Polymorphic sites are indicated with respect to the norA promoter region sequence of S. aureus MW2. The first three rows provide the numbering of the intergenic regions. The intergenic regions start from the nucleotide upstream of the norA start codon (NC_003923 position 739144) and are numbered backward (from right to left). Nucleotides that were the same as those of MW2 in all sequences are not shown. Dots indicate perfect homology with the reference sequence. Insertions and deletions are marked with dashes. Mutations probably involved in norA overexpression are in boldface.

wt, wild type.

ND, not determined.

Galleria mellonella infection model.

To evaluate if the low concordance between norA mutations selected in vitro and those identified in clinical isolates was due to lack of fitness of the laboratory mutants, we performed a virulence test in the greater wax moth larva (Galleria mellonella) (32). For this analysis, we compared the virulence of the three reference strains, ATCC 6538, ATCC 25923, and RN4220, to their norA promoter mutants (Fig. 3). No decrease in larvicidal capacity was detected for any of the mutants. Growth curves of mutants also did not differ from those of their parental strains (data not shown).

Fig 3 — Fitness assay in *Galleria mellonella* larvae. *S. aureus* strains with mutations in the *norA* promoter region were evaluated for their fitness in *G. mellonella* killing experiments (26). In each experiment shown, 16 larvae where infected with 10⁵ CFU/larva of mutants selected from strain ATCC 6538 (A), ATCC 25923 (B), and RN4220 (C). The single strains shown in panel A are ATCC 6538 (black), MO037 (blue), MO039 (red), MO063 (green), and MO064 (orange); in panel B they are ATCC 25923 (black), MO060 (blue), MO061 (red), and MO062 (green); and in panel C they are RN4220 (black), MO043 (blue), MO045 (red), MO066 (green), MO067 (orange), MO069 (pink), and MO071 (gray). A statistically significant reduction of virulence was evidenced using the log-rank test for any of the mutants.

DISCUSSION

Use of biocidal products has increased during recent years, raising concern about possible biocide resistance and even coresistance and cross-resistance to antibiotics. The present work addresses the comparative characterization of efflux mechanisms yielding reduced susceptibility to the cationic biocides benzalkonium chloride and chlorhexidine both in vitro and in clinical isolates of S. aureus. For the purpose of this study, the standard CLSI MIC and MBC protocols were adopted. They are the only standardized tests available to define bacterial resistance, since the normed tests for biocides are intended to measure activity of the substance or product, not the resistance of target organisms (34, 35).

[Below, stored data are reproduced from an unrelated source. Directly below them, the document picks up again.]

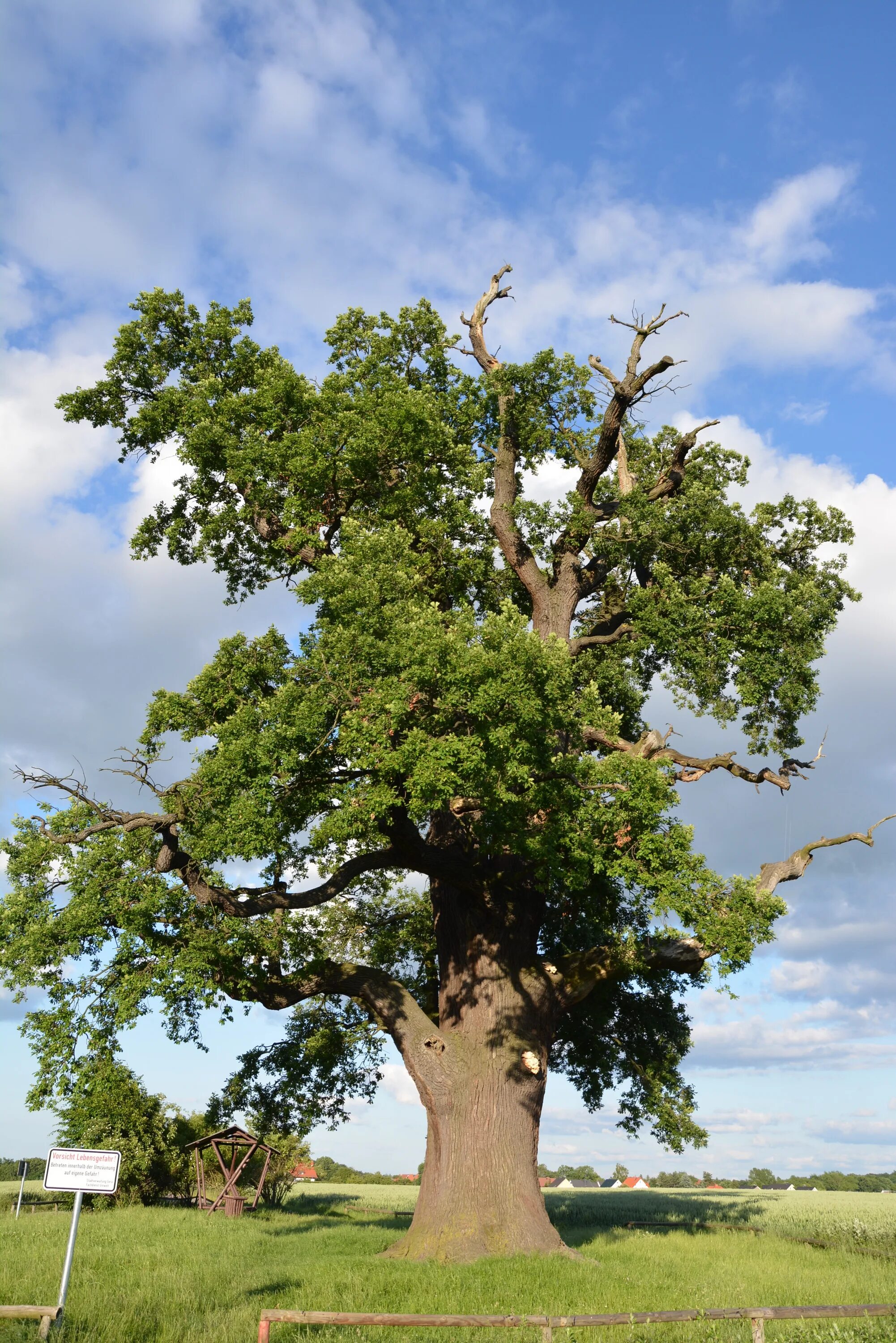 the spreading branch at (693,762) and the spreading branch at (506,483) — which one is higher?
the spreading branch at (506,483)

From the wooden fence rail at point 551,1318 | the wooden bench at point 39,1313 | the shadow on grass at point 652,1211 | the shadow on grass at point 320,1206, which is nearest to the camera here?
the wooden fence rail at point 551,1318

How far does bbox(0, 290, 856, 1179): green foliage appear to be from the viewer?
642 inches

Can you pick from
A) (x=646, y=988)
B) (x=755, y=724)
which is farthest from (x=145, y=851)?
(x=646, y=988)

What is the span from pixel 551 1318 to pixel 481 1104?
9.87 meters

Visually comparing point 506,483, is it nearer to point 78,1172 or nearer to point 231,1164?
point 78,1172

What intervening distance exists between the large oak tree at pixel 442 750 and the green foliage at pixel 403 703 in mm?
81

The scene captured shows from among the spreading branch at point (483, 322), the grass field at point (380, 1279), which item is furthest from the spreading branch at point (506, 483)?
the grass field at point (380, 1279)

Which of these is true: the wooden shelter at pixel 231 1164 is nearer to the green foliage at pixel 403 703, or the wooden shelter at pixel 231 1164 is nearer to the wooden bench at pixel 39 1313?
the green foliage at pixel 403 703

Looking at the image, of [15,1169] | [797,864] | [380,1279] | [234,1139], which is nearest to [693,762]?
[797,864]

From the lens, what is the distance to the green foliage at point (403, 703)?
16297mm

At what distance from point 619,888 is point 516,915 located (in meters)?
2.51

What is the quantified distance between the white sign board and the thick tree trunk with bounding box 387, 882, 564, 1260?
8.50m

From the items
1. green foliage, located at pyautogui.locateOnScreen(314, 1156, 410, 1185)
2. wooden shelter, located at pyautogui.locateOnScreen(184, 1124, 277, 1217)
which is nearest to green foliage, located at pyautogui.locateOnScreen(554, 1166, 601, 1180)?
green foliage, located at pyautogui.locateOnScreen(314, 1156, 410, 1185)

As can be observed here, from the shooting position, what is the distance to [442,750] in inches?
598
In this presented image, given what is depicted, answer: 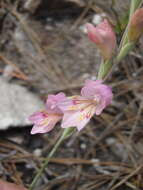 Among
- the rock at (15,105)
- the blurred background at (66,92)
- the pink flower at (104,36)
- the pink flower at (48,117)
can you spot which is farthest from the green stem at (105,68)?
the rock at (15,105)

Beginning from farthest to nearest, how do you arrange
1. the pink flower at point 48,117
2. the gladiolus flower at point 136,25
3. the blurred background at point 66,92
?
the blurred background at point 66,92
the pink flower at point 48,117
the gladiolus flower at point 136,25

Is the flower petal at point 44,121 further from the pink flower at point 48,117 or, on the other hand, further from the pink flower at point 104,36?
the pink flower at point 104,36

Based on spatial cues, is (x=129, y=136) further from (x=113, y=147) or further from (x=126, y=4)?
(x=126, y=4)

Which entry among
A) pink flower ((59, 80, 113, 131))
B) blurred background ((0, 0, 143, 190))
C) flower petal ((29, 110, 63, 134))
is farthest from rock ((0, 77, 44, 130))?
pink flower ((59, 80, 113, 131))

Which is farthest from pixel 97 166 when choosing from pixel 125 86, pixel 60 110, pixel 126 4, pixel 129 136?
pixel 126 4

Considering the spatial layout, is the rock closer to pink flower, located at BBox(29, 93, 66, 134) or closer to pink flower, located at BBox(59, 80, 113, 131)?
pink flower, located at BBox(29, 93, 66, 134)

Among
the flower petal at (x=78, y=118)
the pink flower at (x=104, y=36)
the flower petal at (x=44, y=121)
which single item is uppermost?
the pink flower at (x=104, y=36)

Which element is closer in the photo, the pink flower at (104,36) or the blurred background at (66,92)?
the pink flower at (104,36) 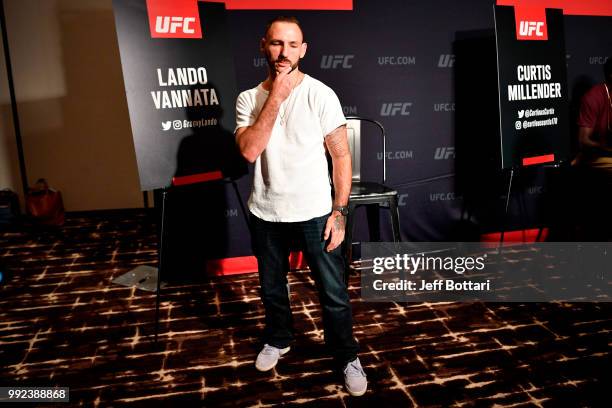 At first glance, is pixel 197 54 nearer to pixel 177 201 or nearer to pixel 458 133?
pixel 177 201

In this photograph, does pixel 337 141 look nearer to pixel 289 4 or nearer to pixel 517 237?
pixel 289 4

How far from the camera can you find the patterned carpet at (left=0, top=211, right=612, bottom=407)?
2.16 metres

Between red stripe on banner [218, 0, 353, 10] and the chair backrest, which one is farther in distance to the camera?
the chair backrest

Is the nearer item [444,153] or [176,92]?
[176,92]

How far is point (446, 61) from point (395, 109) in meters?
0.56

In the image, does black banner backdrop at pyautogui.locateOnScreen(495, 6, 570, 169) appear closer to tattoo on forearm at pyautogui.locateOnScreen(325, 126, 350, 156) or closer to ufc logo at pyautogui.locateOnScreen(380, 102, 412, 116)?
ufc logo at pyautogui.locateOnScreen(380, 102, 412, 116)

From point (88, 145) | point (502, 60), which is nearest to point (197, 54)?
point (502, 60)

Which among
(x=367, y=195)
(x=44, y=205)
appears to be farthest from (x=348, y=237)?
(x=44, y=205)

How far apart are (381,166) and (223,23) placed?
1710mm

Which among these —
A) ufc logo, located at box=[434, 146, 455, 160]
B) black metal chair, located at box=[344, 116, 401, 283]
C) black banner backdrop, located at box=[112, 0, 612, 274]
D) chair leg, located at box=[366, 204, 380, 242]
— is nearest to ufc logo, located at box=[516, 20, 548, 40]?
black banner backdrop, located at box=[112, 0, 612, 274]

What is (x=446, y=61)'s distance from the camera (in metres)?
3.74

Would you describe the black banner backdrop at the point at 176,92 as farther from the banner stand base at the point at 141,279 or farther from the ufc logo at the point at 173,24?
the banner stand base at the point at 141,279

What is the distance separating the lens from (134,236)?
4.51m

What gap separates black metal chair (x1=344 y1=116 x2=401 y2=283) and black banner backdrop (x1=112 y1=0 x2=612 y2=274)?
0.13m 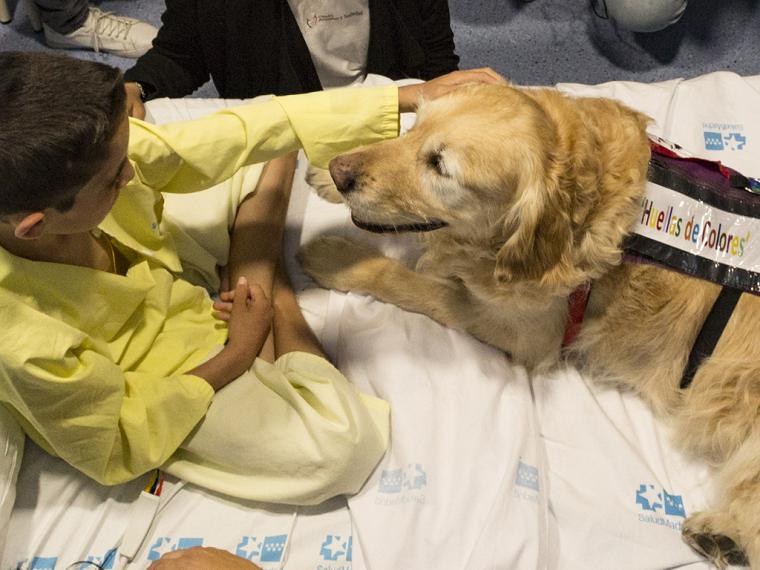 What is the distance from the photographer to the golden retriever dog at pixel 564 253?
1301mm

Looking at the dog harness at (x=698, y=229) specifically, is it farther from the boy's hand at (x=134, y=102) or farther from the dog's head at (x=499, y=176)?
the boy's hand at (x=134, y=102)

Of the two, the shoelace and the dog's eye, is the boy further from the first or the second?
the shoelace

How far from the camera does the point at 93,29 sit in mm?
2791

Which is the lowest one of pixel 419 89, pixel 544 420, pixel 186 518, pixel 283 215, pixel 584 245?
pixel 186 518

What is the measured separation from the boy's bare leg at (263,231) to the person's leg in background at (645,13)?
159cm

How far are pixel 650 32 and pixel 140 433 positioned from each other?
2.48 m

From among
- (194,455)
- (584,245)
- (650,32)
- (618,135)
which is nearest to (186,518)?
(194,455)

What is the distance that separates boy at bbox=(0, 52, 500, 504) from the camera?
3.73 ft

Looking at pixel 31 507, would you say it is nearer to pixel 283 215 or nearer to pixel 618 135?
pixel 283 215

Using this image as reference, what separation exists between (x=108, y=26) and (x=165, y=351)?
72.3 inches

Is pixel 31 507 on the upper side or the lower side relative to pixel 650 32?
lower

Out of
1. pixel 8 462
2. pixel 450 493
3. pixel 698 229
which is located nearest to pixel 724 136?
pixel 698 229

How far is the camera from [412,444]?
58.4 inches

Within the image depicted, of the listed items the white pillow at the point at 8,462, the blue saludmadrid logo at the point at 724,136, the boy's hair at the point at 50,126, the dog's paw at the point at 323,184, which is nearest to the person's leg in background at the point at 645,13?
the blue saludmadrid logo at the point at 724,136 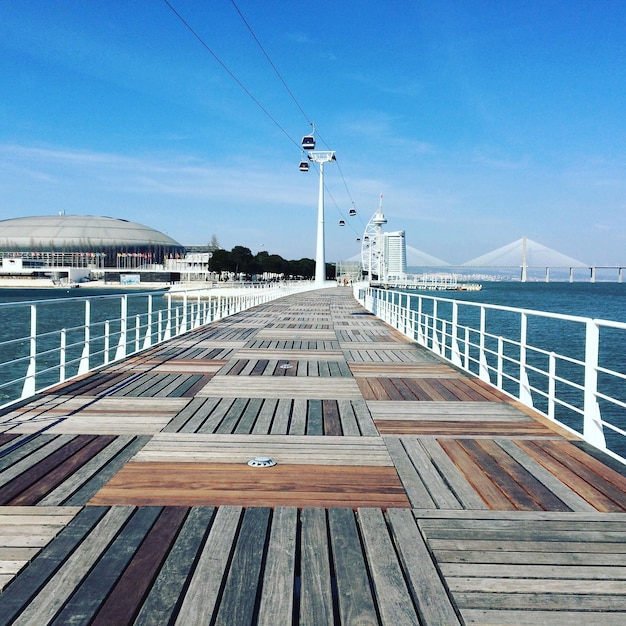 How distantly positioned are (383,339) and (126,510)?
995 centimetres

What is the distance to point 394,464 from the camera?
407 centimetres

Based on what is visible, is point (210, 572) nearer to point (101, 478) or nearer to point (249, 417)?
point (101, 478)

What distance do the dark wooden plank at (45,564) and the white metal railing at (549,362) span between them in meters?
3.25

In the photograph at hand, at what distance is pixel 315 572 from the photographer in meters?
2.58

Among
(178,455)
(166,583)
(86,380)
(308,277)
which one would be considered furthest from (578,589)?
(308,277)

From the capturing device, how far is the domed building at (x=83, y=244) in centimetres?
15575

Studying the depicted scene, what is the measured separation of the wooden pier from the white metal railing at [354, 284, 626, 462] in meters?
0.37

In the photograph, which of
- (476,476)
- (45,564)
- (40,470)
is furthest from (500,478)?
(40,470)

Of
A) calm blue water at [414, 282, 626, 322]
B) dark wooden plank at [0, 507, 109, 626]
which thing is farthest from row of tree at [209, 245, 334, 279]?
dark wooden plank at [0, 507, 109, 626]

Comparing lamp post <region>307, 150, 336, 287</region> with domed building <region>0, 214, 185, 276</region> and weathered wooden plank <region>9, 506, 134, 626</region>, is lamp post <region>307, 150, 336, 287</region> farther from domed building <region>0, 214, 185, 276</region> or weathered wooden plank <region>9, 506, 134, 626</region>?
domed building <region>0, 214, 185, 276</region>

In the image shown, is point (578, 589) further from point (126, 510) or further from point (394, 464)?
point (126, 510)

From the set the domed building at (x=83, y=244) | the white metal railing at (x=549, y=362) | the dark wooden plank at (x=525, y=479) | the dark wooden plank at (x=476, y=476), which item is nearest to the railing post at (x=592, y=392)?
the white metal railing at (x=549, y=362)

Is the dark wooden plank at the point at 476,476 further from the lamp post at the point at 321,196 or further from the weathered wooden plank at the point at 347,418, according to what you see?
the lamp post at the point at 321,196

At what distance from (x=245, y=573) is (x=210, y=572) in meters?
0.15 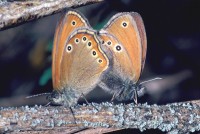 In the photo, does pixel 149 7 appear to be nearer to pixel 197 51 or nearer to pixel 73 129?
pixel 197 51

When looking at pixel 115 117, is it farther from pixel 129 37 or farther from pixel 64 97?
pixel 129 37

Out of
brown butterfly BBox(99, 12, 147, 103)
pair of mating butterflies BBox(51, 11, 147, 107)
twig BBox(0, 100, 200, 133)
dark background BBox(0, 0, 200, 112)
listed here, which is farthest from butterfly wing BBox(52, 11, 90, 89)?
dark background BBox(0, 0, 200, 112)

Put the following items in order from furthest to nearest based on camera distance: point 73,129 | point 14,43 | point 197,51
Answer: point 14,43, point 197,51, point 73,129

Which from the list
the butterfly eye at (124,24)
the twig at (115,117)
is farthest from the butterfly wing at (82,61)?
the twig at (115,117)

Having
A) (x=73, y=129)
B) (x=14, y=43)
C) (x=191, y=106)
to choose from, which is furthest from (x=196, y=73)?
(x=14, y=43)

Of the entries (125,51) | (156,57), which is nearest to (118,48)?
(125,51)

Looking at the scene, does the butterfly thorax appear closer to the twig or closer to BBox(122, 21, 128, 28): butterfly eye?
the twig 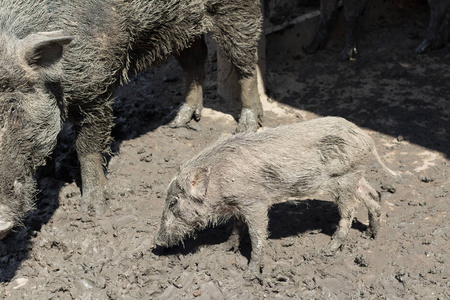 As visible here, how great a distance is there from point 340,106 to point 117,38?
2.75 meters

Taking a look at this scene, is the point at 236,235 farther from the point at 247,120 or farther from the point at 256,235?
the point at 247,120

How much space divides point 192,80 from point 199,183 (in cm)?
238

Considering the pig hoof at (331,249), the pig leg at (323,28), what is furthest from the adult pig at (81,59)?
the pig leg at (323,28)

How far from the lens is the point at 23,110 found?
141 inches

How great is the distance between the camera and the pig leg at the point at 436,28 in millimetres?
7227

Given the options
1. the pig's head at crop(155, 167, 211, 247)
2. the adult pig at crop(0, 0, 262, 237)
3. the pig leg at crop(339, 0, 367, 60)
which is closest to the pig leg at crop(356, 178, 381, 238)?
the pig's head at crop(155, 167, 211, 247)

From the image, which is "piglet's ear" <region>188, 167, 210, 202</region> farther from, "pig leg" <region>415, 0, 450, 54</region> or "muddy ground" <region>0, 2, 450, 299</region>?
"pig leg" <region>415, 0, 450, 54</region>

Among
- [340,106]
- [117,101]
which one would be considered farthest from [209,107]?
[340,106]

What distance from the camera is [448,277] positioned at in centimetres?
374

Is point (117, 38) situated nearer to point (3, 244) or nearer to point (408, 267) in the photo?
point (3, 244)

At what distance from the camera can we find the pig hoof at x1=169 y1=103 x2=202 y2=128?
5820 mm

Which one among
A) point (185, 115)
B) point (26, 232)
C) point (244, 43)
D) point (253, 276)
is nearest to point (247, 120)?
point (185, 115)

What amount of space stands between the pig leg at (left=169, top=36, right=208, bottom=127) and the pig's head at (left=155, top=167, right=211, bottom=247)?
2052 mm

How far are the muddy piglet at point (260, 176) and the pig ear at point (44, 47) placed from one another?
41.4 inches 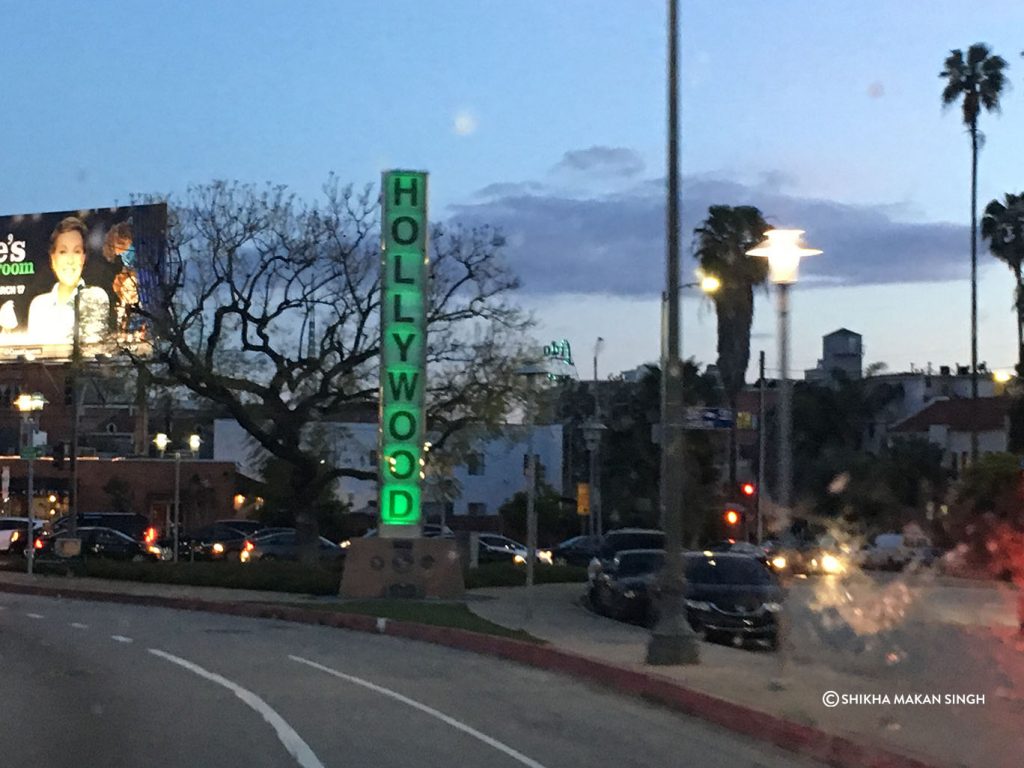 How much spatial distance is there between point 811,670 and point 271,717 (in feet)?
21.8

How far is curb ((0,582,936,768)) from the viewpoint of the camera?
36.8ft

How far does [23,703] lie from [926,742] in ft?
29.7

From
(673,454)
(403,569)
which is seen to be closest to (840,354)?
(403,569)

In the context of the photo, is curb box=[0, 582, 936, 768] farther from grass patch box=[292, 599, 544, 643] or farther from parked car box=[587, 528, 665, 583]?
parked car box=[587, 528, 665, 583]

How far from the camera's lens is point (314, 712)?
46.4 ft

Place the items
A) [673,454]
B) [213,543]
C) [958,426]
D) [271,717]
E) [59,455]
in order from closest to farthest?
[271,717]
[673,454]
[59,455]
[213,543]
[958,426]

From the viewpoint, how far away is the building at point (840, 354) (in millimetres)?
107869

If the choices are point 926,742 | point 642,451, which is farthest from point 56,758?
point 642,451

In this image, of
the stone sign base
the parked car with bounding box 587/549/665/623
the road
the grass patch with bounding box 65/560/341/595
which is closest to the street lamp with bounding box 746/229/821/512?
the road

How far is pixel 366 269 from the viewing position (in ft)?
119

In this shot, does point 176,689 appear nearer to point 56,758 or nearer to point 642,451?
point 56,758

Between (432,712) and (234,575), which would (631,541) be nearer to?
(234,575)

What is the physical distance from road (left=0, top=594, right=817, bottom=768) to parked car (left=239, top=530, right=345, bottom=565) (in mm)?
21620

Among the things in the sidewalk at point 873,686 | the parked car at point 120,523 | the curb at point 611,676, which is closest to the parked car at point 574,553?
the parked car at point 120,523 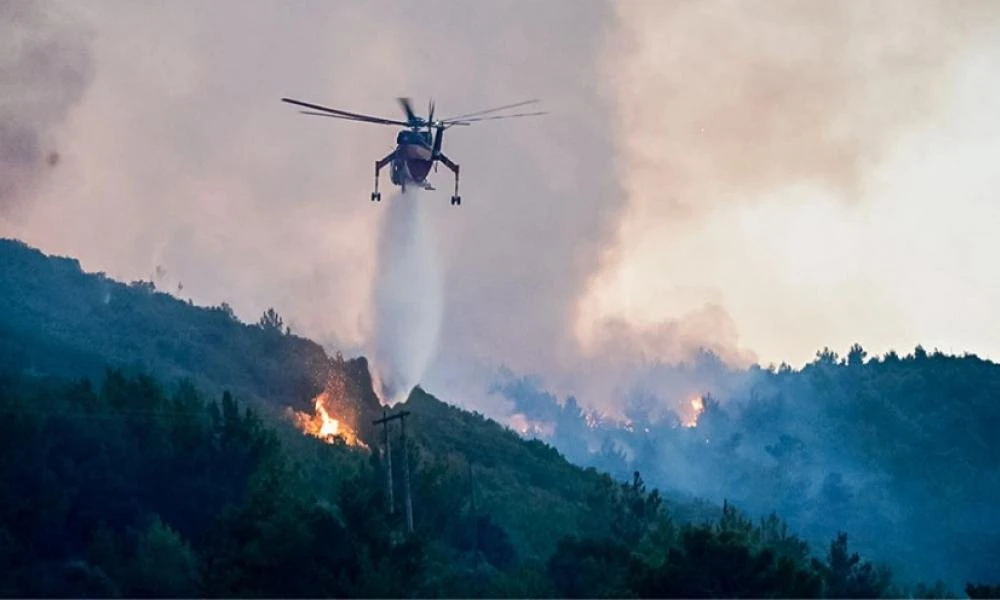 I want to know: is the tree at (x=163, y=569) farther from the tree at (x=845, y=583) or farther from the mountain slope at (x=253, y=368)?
the tree at (x=845, y=583)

In S. aureus, several transporters involved in biocide efflux have been reported to date, including plasmid-based QacA, QacB, QacC, QacG, and QacJ and the chromosomal NorA (8, 13–15, 17, 18). In our collection of 1,602 S. aureus strains of human origin, the frequencies of qacA (5.7%), qacB (0.3%), qacC (3.4%), and qacG (0.1%) were consistent with previously reported data (12, 36). In further accordance with published literature, our data show an increase in the mode MIC of benzalkonium chloride in the presence of qacA, qacB, qacC, and qacG and also an increase of chlorhexidine mode MIC in the presence of qacA and qacB. This variation in growth inhibition is in contrast to the complete absence of any effect on the cidal activity of biocides. Others had observed that qac genes confer less than a 2-fold decrease in susceptibility, which could have been missed by our assays based on 2-fold dilutions. Still, this technical difference does not explain the absence of any correlation between qac genes and biocide MBC observed here (37). Our screening underlines that on a very large set of clinical isolates, none of the qac determinants decreased the susceptibility to biocides of staphylococci tested according to CLSI standard bactericidal assays (MBC). The absence of a change in susceptibility is reflected by the absence of variation in biocide activity assayed according to the EN 1276 norm. Since there is absolutely no correlation between increased MBC to both benzalkonium chloride and chlorhexidine and presence of any qac determinant but the correlation between increased MBCs is statistically significant, reduced susceptibility to both compounds should have the same molecular mechanism. So far, our data showed that this is not linked to the presence of qac genes, and preliminary data on four strains also exclude upregulation of other known efflux systems. This leaves the issue of the molecular mechanism of increased biocide MBC in staphylococci open to speculation.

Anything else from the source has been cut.